* [WHAT YOU ARE ASKED TO DO] Leaving the pictures aside, transcribe the data below exactly.

* [AVAILABLE DATA]
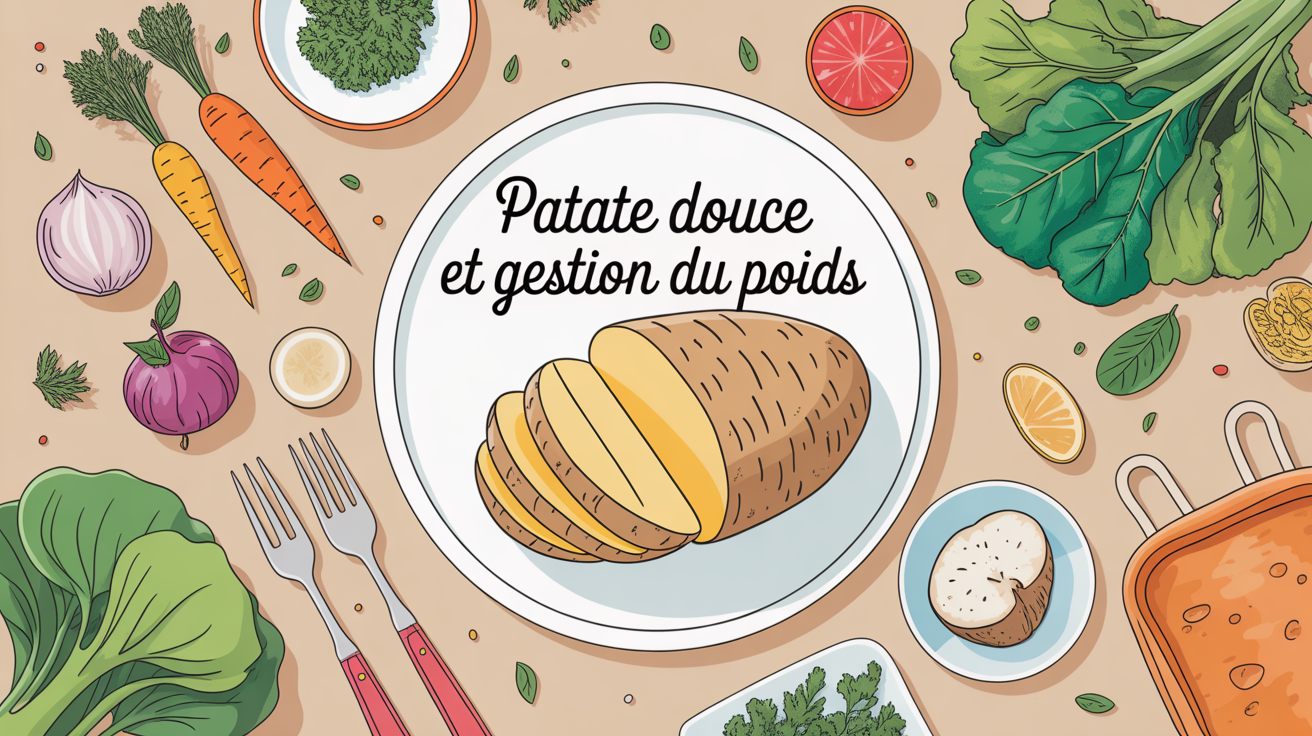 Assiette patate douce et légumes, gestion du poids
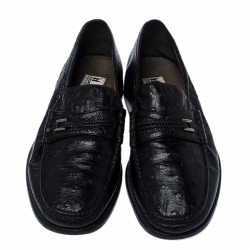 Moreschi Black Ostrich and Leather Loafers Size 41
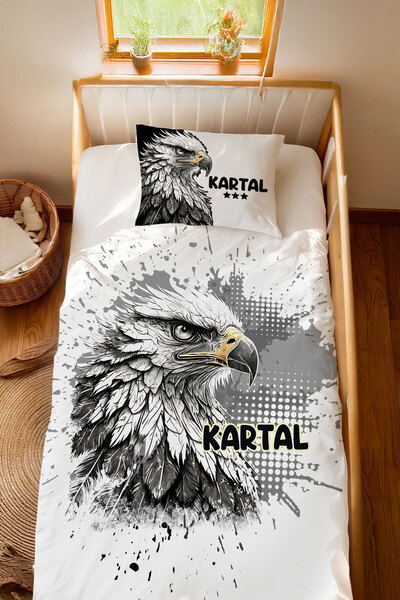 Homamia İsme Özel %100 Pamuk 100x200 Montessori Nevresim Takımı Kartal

* [EXPECTED ANSWER]
 Assiette patate douce et légumes, gestion du poids
 Moreschi Black Ostrich and Leather Loafers Size 41
 Homamia İsme Özel %100 Pamuk 100x200 Montessori Nevresim Takımı Kartal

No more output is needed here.